I just set up my first Hadoop cluster. My cluster looks like:
Node1 – NameNode + ResourceManager
Node2 – SecondaryNameNode
Node3 – DataNode (+NodeManager)
Node4 – DataNode (+NodeManager)
Node5 – DataNode
Doing java’s jps command on all machines looks good.
My hadoop-hduser-namenode-node1.log (and same on other machines) are looking fine too. I got a single warning (fs.name.dir only got one directory).
I started a mapreduce-example job wordcount (twice) using a 550 MB apache-log. Job ran, output seems fine.
- My Web-UI
http://namenode:8088/ shows 3 Active Nodes – Node State Running but I couldn’t see any changes at all while my jobs were run.

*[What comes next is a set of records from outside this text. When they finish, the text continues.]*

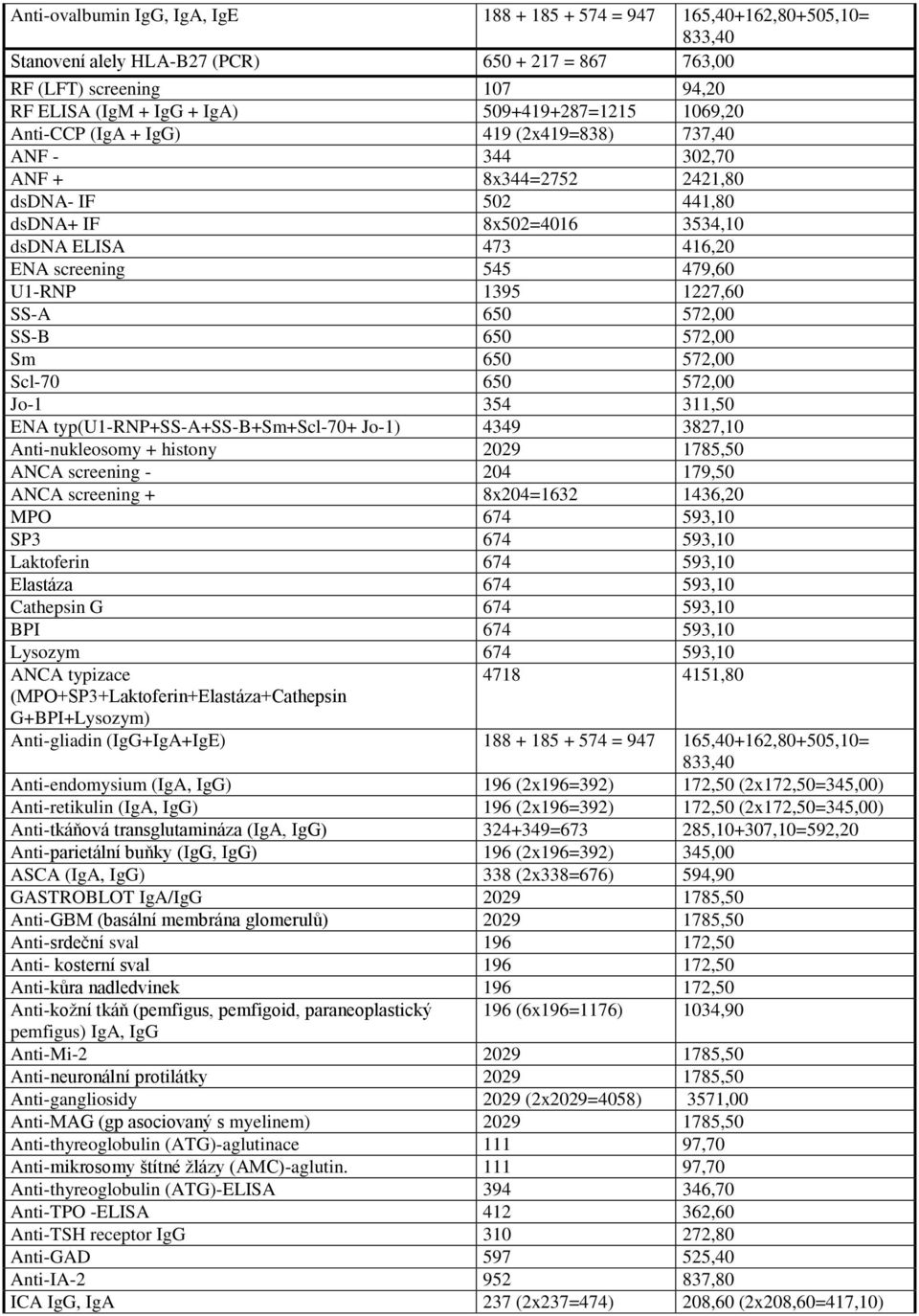 1395 1227,60 SS-A 650 572,00 SS-B 650 572,00 Sm 650 572,00 Scl-70 650 572,00 Jo-1 354 311,50 ENA typ(u1-rnp+ss-a+ss-b+sm+scl-70+ Jo-1) 4349 3827,10 Anti-nukleosomy + histony 2029 1785,50 ANCA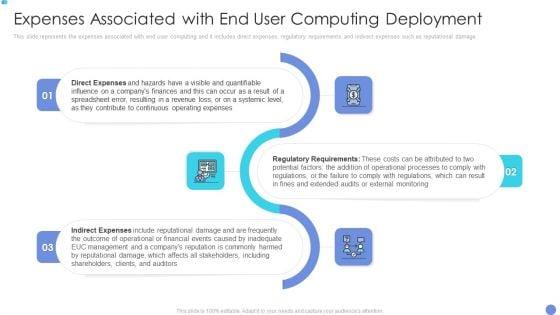 Customer_Mesh_Computing_IT_Expenses_Associated_With_End_User_Computing_Deployment_Mockup_PDF_Slide_1.jpg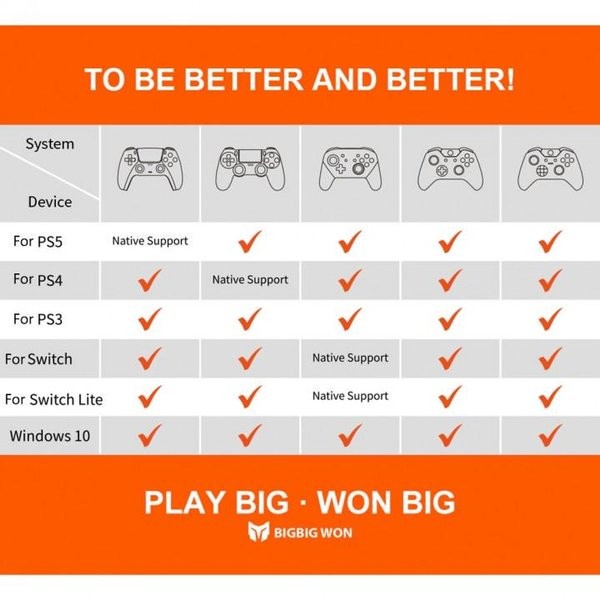 737 BIGBIGWON R100 PRO USB Wireless Adapter Game Console Converter
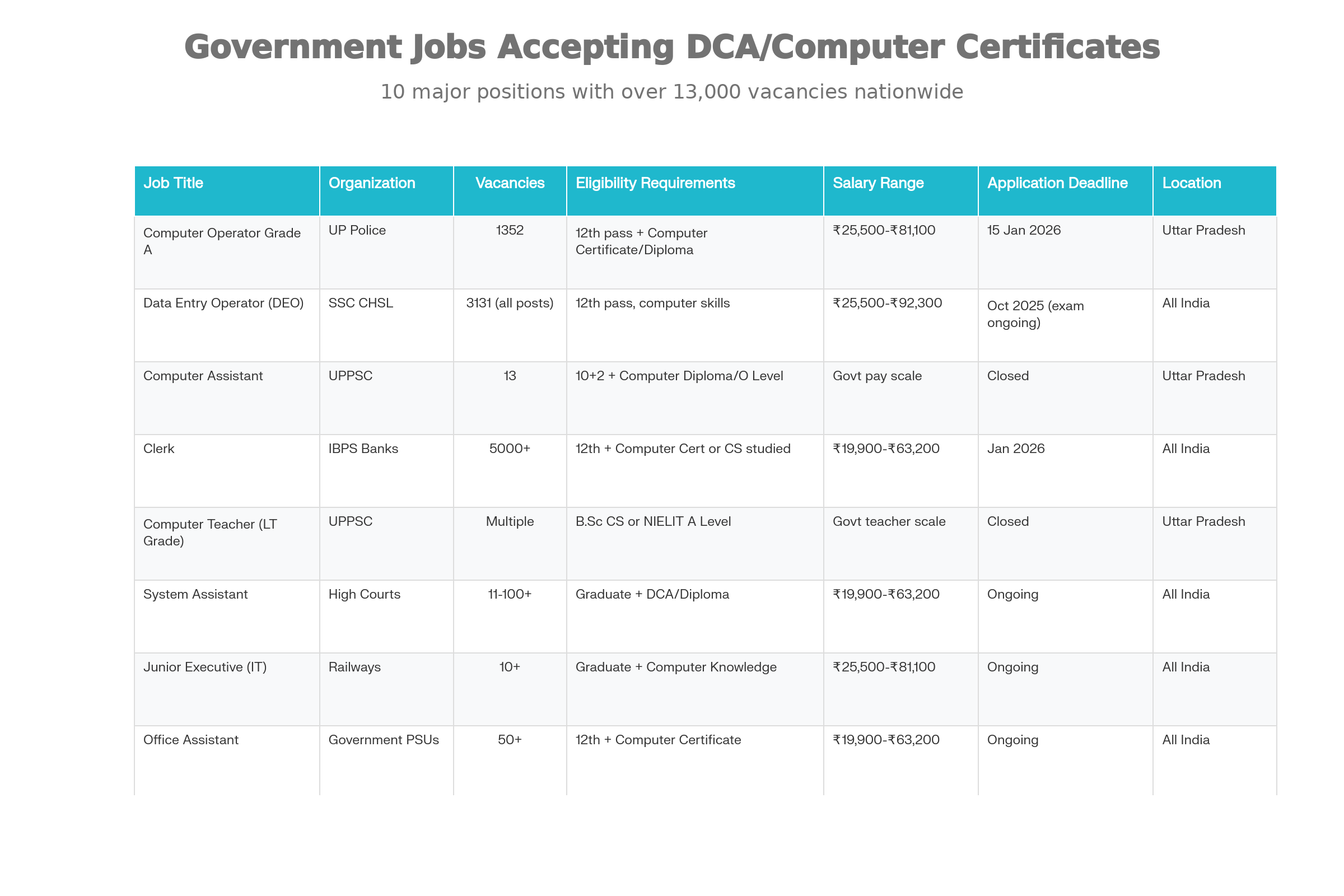 Recent Government Jobs Accepting DCA and Computer Certificates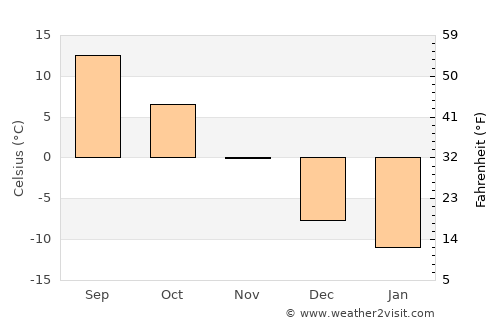 Coaticook average temperature in November
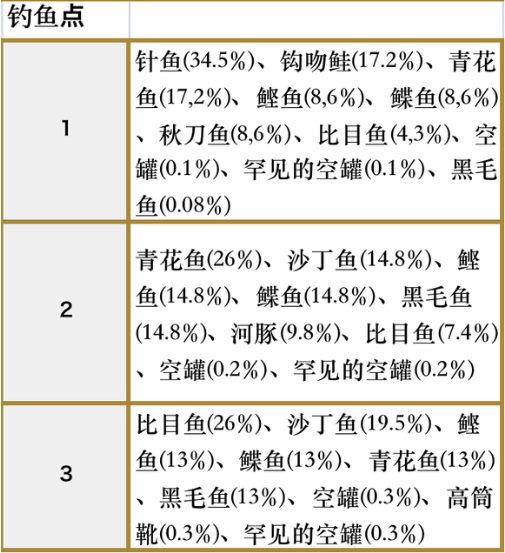 符文工房5梅利涅冰洞钓鱼点都在哪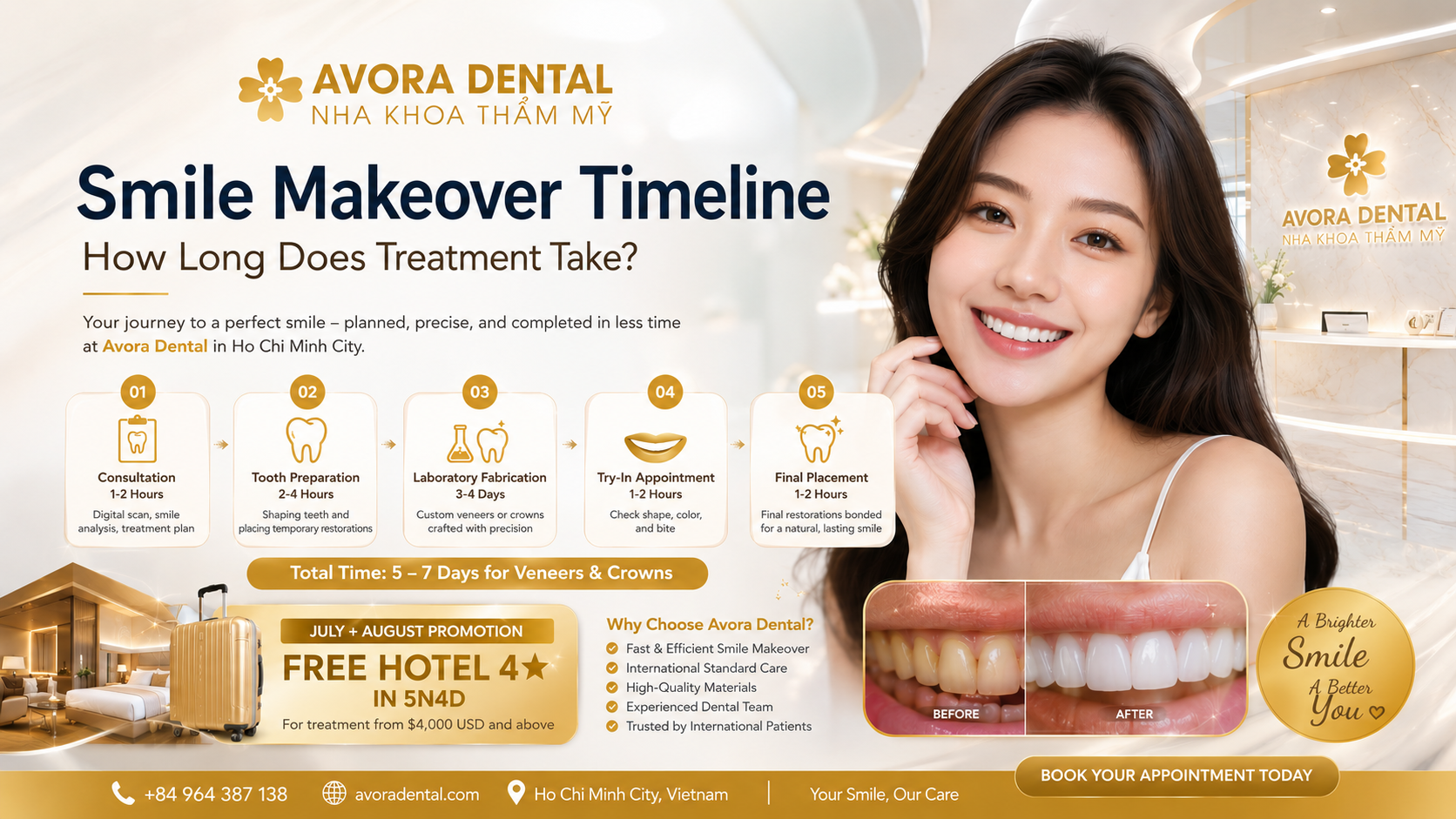 smile makeover timeline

Java Output after starting the job:
> 16/07/05 13:27:31 INFO mapreduce.Job: The url to track the job: http://localhost:8080/
- Also Java output said ‘split into 5 blocks’. So I’d like to see where blocks getting stored to be sure that my cluster is working fine. Can I somehow check where blocks are getting stored and if
it replication works just like it should in theory.
- My Web-UI
http://datanode:50075 only shows: ‘DataNode on Datanode:50075’. I cannot click on overview or get any helpful information here. When I got my first hands on Hadoop I used a single-node-setup. There, this page had tons of information about the node-health/status/jobs
and I was able to browse the HDFS. I’m missing this here, and I don’t get why.